I could see Commander Cole recede back at the
smell.
Eh, why did stuff like this always have to happen to me? Just
when I was having the most interesting conversation I'd had all
week, I get covered in the rotted remains of an alien
fish.
It didn't matter anyway, because just as soon as I'd properly
secured the plate, the Commander leaned back, a hand at his ear. He
had a mumbled conversation then stood up as quickly as a spring
snapping back into place. ‘Sorry,’ he said as he turned, ‘cancel my
order.’
And there he left me, covered in slops.
The rest of the shift went slowly, somehow. I was still rushed
off my feet, but somehow it dragged on. I had a moment to change
uniforms, but I still smelled the stench of buttery, sugary death.

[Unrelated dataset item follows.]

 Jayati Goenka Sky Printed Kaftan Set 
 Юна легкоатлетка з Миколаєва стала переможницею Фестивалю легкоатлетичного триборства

For some reason I was itching to just get out and have a walk
around the station. I never usually did it – just walked the
distance to the lift, then back to my quarters. There wasn't much
to see, once you'd seen it all before. But things were different
today; they were quicker, more edgy, and strange.
The air that had been in the diner, the one of palpable,
pressured excitement – it was out in the rest of the station too.
So I found myself walking down one of the numerous corridors that
offered a view of the docking station where they dragged in ships
for repair. Was it out there? I wondered to myself as I rested my
elbows on a hand railing and stared out a porthole. Was that ghost
ship in the docking station right now, the GAMs going through it,
because no other sane being would go anywhere near her? Was that
why the Commander had been called off? Had there been an incident,
had his superiors told him to go over the ship and leave no cargo
box unturned?
In-between. They exist in-between things. The Commander was
right, that didn't make any sense. Things either exist or they
don't, there's nothing that exists in the middle.
I made my slow way back to my quarters, mostly in a daydream,
mind twisting and whirling over the day's happenings. Maybe I was
spending an undue amount of time recounting my conversation with
the Commander, maybe I shouldn't let the strange vibe of the
station bother me . . . .
I opened my door with a mega sigh. I was tiring myself out
with all these what ifs. I needed to sit down and veg out – play
with Hipop and download the latest episode of Galaxy
Chef.
My room was just how I always left it – in a state of
half-clean, half-messy. Certain parts were pristine – my bed made
with symmetrical precision, the vintage cloth covering on my table
straight and perfect. But then there was the couch, which was knee
deep in crumbs, and had various data pads strewn across it. And my
assortment of pot plants were sending their shoots and leaves out
everywhere, threatening to take over the walls like my quarters
were a tropical jungle planet.
‘
Hipop,’ I called as I kicked off my shoes, careful not to send
them into the beautiful, huge saffron flower of one of my more
exotic plants. ‘Hey, monkey, monkey, where are you?’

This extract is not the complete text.